Download My Custom Extension: custom_extension.zip

References

GoFullPage Reference Links

Here are the official links for the GoFullPage extension:

Official Website: https://gofullpage.com/
Chrome Web Store: https://chromewebstore.google.com/detail/gofullpage-full-page-scre/fdpohaocaechififmbbbbbknoalclacl

Gemini Reference Link

Official Website: https://aistudio.google.com/prompts/new_chat

The Tools used for Documentation:

- Recursive Diff Tools:

Diffoscope: https://try.diffoscope.org/
Diffnow: https://www.diffnow.com/compare-files

- Document conversion Tools:

Sodapdf: https://www.sodapdf.com/pdf-tools/html-to-pdf/

Extras:

Another Great Tool Worth Mentioning: FireShot 🔥

During my research, I came across another excellent screenshot extension called FireShot. In some scenarios, especially on very complex or dynamic pages, I found it to be highly effective and reliable. It offers a robust set of features, making it a powerful alternative to GoFullPage.

If you’re looking for another top-tier screenshot tool, I highly recommend giving it a try.

Official Website: https://getfireshot.com/
Chrome Web Store: https://chromewebstore.google.com/detail/take-webpage-screenshots/mcbpblocgmgfnpjjppndjkmgjaogfceg

Blog expansion on August 28, 2025:

I have discovered a powerful, built-in feature in Google Chrome’s Developer Tools for capturing full-page screenshots. These instructions are a great way to take a screenshot of an entire webpage, including the content that is only visible after scrolling.

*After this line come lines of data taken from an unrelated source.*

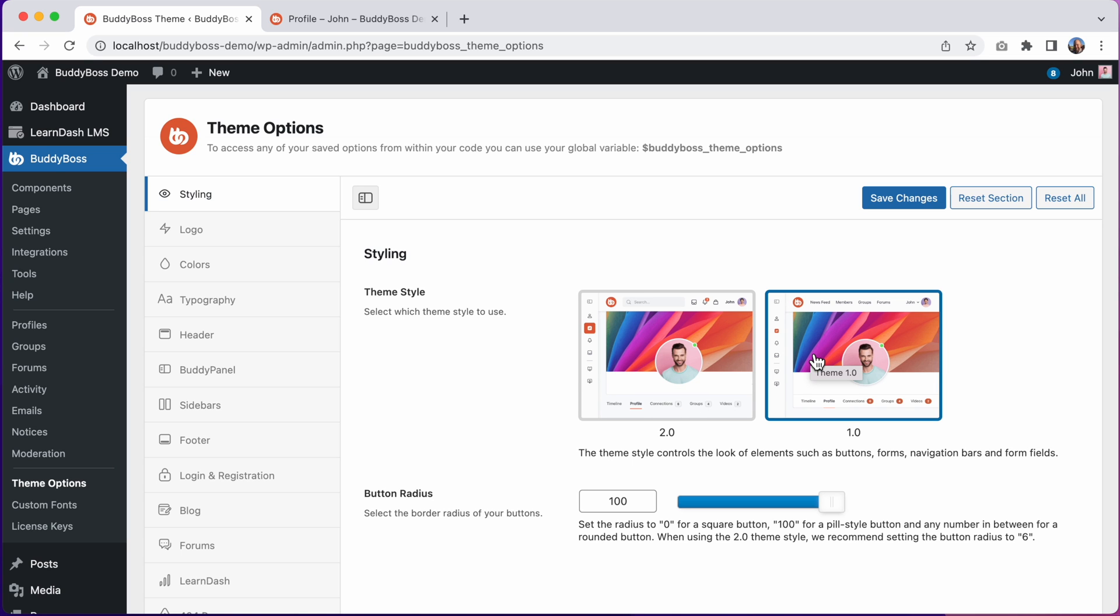You can also pick a custom button border radius for the button elements in the theme. This determines how rounded the buttons look. To match the older 1.0 style most closely we recommend setting the button radius to 100 which will create a pill style button.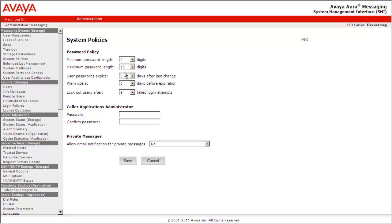or number of failed login attempts allowed before locking out the mailbox. The password policy changes are applicable to all voicemail users defined on the storage server where the configuration changes are being made. This completes our demonstration.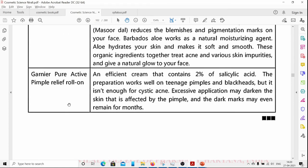Garnier Pure Active Pimple Relief Roll-On contains 2% glycolic acid and works well on teenage pimples and blackheads.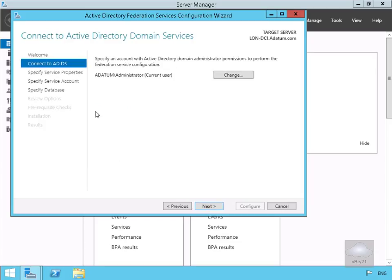On the Connect to Active Directory Domain Services page, we'll make sure that we are using the current user — and we are — so we'll select Next.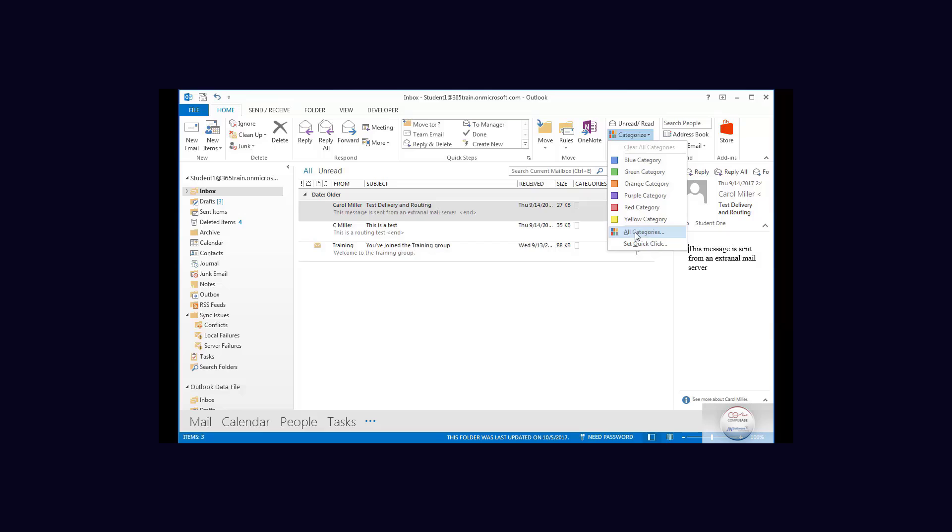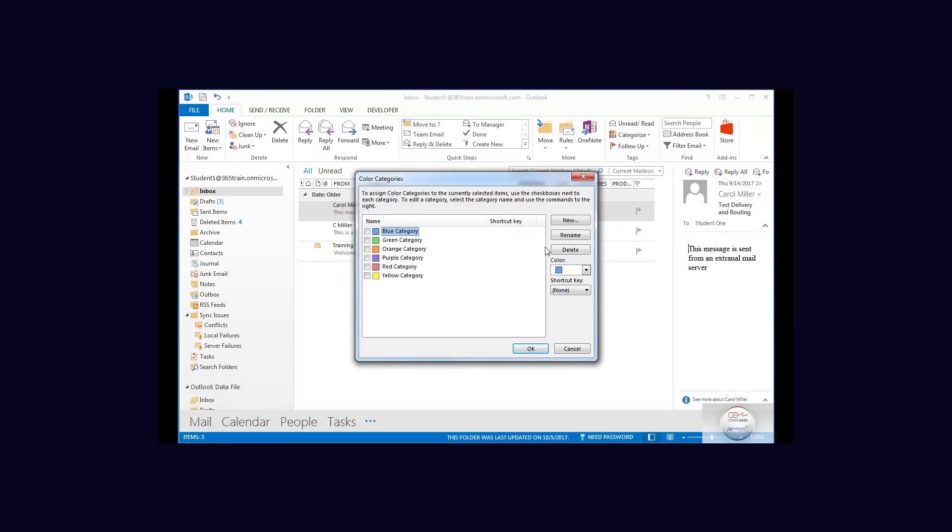We're going to go to all categories and each of these can be selected and let's rename them. Now I'm going to call this particular one finance and then I'll clear it and the green one.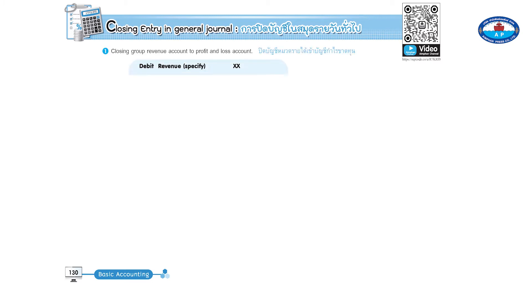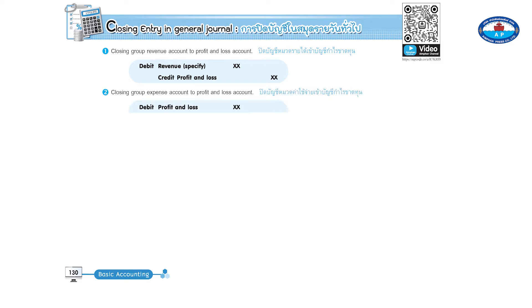Page 130, closing entry in general journal. One: closing group revenue account to profit and loss account — debit revenue, credit profit and loss. Two: closing group expense account to profit and loss account — debit profit and loss, credit expense.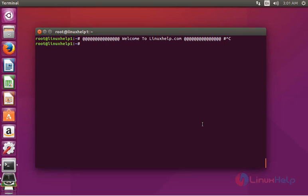Hello everybody, welcome to Linuxer Tutorial. Today I am going to show how to migrate from MySQL to MariaDB on Linux. In this tutorial I am going to do this on an Ubuntu machine.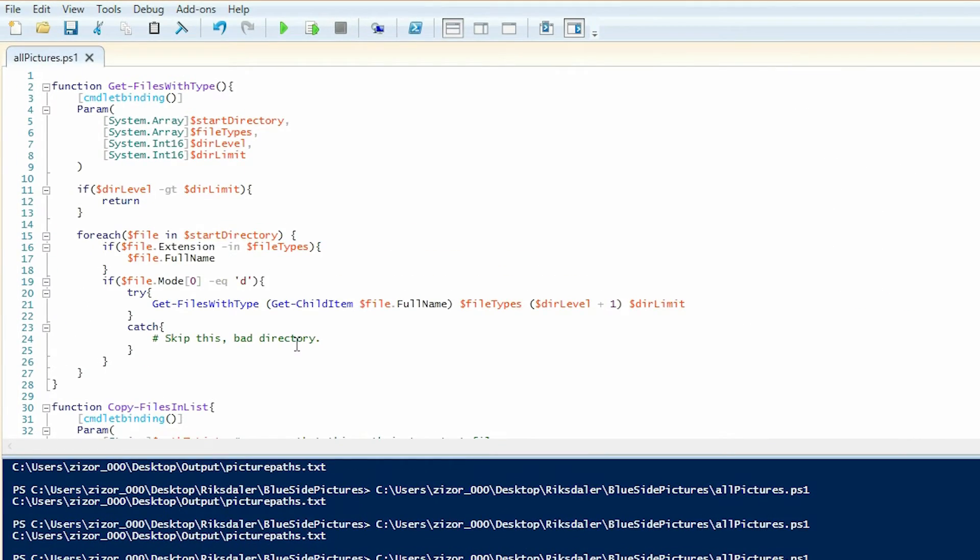Today, I'm going to talk about two custom cmdlets I've created to help you find these old pictures and get them all into one folder, so that you can easily put it on Google Drive or Dropbox or wherever you want to keep them.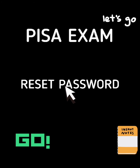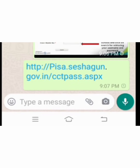PISA exam reset the password. Today, I am going to show you how to reset the password of PISA. Everyone having a problem with this, so I am going to show how to reset the password.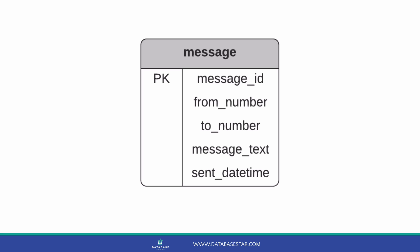Next, we'll store the number that the message is sent from. This will be your phone number if you send the message, or another person if they send the message. We also have a To Number field, which is the number that a message is sent to. The next field is the actual message that is sent, which is called Message Underscore Text.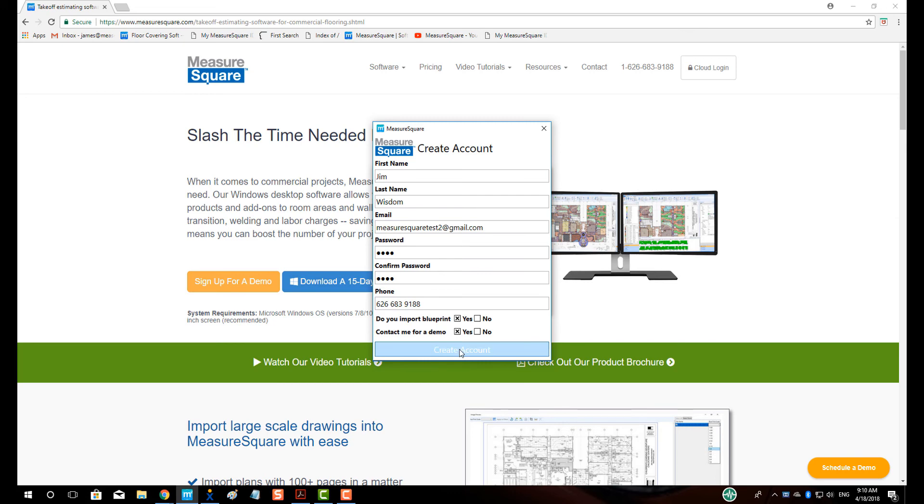When finished, click Create Account. Click OK on the Register Success pop-up.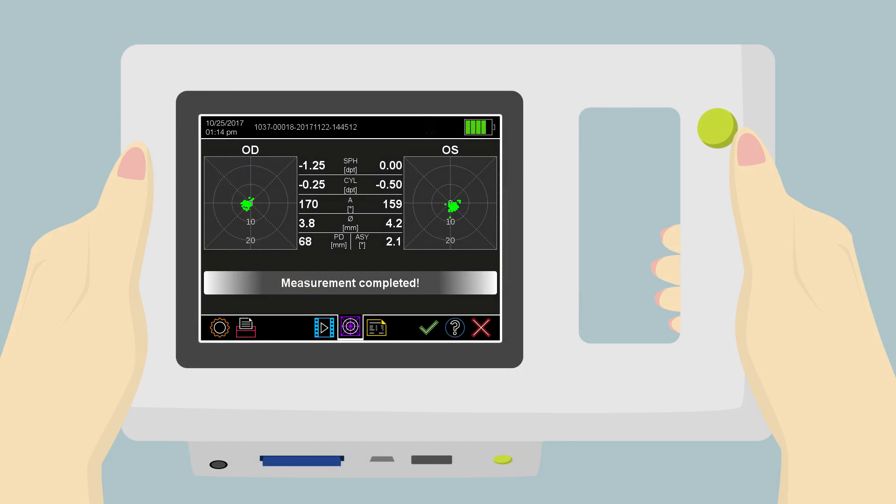After a successful measurement, the PlusOptics A12 displays the measurement results. If no failure message is displayed, the measurement must not be repeated.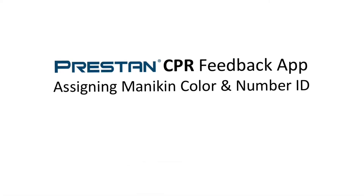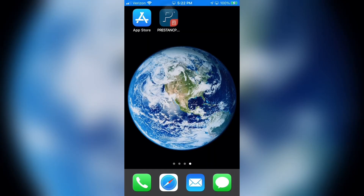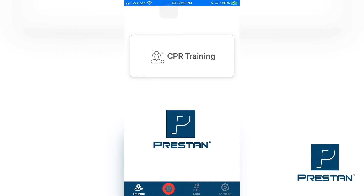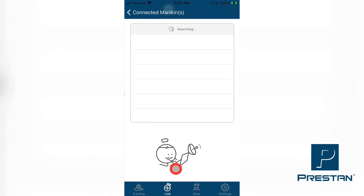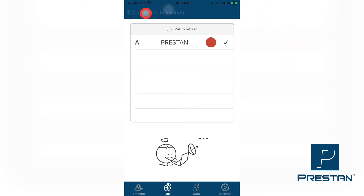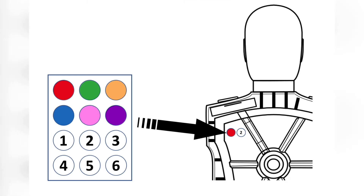Preston CPR Feedback App — Assigning Mannequin Color and Number ID. To assign your mannequin a color and number label for easy identification during training, select the Link tab found at the bottom of the Preston CPR Feedback screen. Select Search Mannequin. A list of connected mannequins will appear. Select the desired mannequin from the list, ensure that a checkmark appears next to the name of the selected mannequin. Select connected mannequins, and then select the chosen mannequin from the list. Tap the Change button in the row titled Color ID.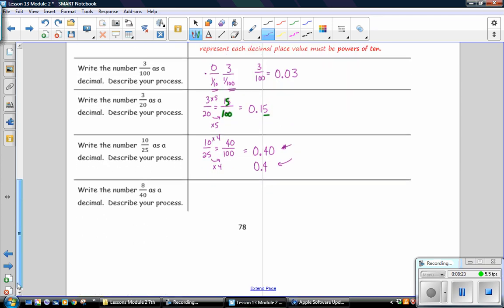Write the number eight-fortieths as a decimal and describe your process. Check if you can write it with a denominator of ten: forty divided by four equals ten, and dividing the numerator by four gives two, so eight-fortieths equals two-tenths. These are equivalent fractions. Forty divided by four is ten, eight divided by four is two, and two tenths is written as 0.2.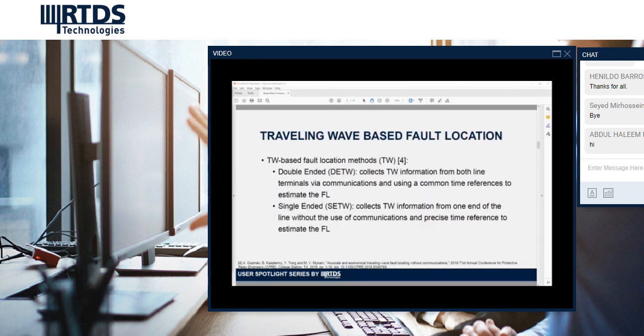Traveling wave-based fault location methods can be further classified as double-ended and single-ended, depending on the number of measurement points. The double-ended method uses a communication medium between the two line terminals with a common time reference — i.e., using GPS — to collect traveling wave variables and compute the fault location. However, the single-ended method simply relies on local measurements and doesn't require a communication setup or a common time frame reference.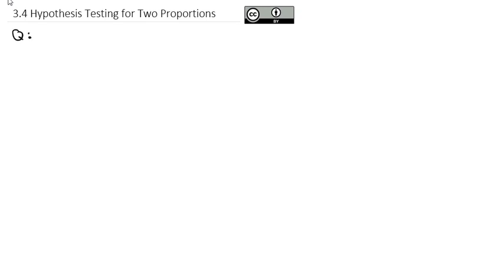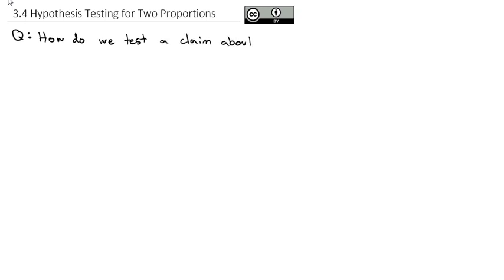Now that we've taken a look at how hypothesis testing works, specifically in the context of one proportion, we can extend it to hypothesis testing in many different situations. One of those situations involves having two proportions, or two groups, and trying to decide: are the two groups the same, or are the two groups different? So our question for the day is, how do we test a claim about two proportions?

This functionality is part of the Command Menu within Chrome DevTools, which provides a quick way to access various development and debugging tools.

Step-by-Step Guide to a Full-Page Screenshot in Chrome:

For those who want to follow your method, here are the detailed steps:

Open Developer Tools: On the desired webpage, press Ctrl+Shift+I (on Windows/Linux) or Cmd+Option+I (on Mac) to open the Developer Tools panel.
Open the Command Menu: With the Developer Tools open, press Ctrl+Shift+P (on Windows/Linux) or Cmd+Shift+P (on Mac). This will open a “Run” command prompt.
Find the Screenshot Command: In the command prompt, start typing the word “screenshot”. You will see a list of available screenshot options.
Capture the Full-Size Screenshot: From the list of options, select “Capture full size screenshot”. Chrome will then automatically capture the entire page and save it as a PNG file in your “Downloads” folder.

This developer feature is a handy alternative to using browser extensions or other software for taking scrolling screenshots. In addition to a full-page screenshot, you’ll also notice other options in the command menu, such as capturing a screenshot of a specific area or just the visible portion of the page.